To love is easy, to respect is hard
“Twelve thousand pairs of students were under Rebbi Akiva, and they all died in one chapter for they did not act respectfully to each other. It was taught, they all died from Pesach until Shavuot. They all died a bad death.” (Talmud, Yevamot 62b).
There is something that really bothers me about this piece of Talmud, namely, were these students of Rebbi Akiva “goodies” or “baddies”?
On the one hand, they seem to be real baddies. To treat each other without respect certainly sounds pretty bad. And the Talmud tells us that they all suffered a “bad death”.
On the other, they seem to be real goodies. After all, the Talmud calls them Rebbi Akiva’s students. It doesn’t say that there were 12 000 pairs of dropouts from Rebbi Akiva! Furthermore, their demise is mourned for more than a month every year by every Jew. It could be that no other people in the history of the world are mourned to the same extent.
So which one is it?
It’s both. This profound Talmudic text teaches us the tension between two magnificent human traits: love and respect.
Rebbi Akiva taught love. It was none other than Rebbi Akiva who said, “Love your fellow as yourself.” This is a great principle of the Torah. No doubt, it’s the reason why his students were described as being in pairs. If the Talmud wanted to emphasise the enormity of their numbers, it should have said 24 000 individuals. But it said 12 000 pairs because it wanted to reveal their inseparability, and to emphasise the enormity of their love for each other.
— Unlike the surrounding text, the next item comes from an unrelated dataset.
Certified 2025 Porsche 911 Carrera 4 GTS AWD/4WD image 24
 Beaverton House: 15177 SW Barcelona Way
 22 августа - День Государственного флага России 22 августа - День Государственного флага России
Why, then, did they die? The Talmud is teaching us that they died not in spite of their love for each other, they died because of it.
The core power of love is commonality. People love each other because they share things in common. It’s this commonality that brings them together and unites them. It allows them to become one.
But people in love becoming one has its problems. First, it leads to sameness, and sameness leads to redundancy. And second, it leads to exclusivity, and exclusivity leads to rejection.
This is why the students of Rebbi Akiva died “in the same chapter”, because they all lived only “in the same chapter”. And it’s why they were able to love each other, but weren’t able to respect each other, because love is based on sameness, respect is based on difference.
The Talmud is teaching us about the goodness and importance of love, about the students of love who learnt from a rebbe of love, who taught a Torah of love. And we mourn those students to this day out of our love for them.
But the Talmud is also teaching us the dangers of love. To love is easy, to respect is hard. To love is to remove otherness, to respect is to admire it.
As great as love is, by itself, it has no future. It’s when love leads to respect that it will lead to Sinai, and a better future for all.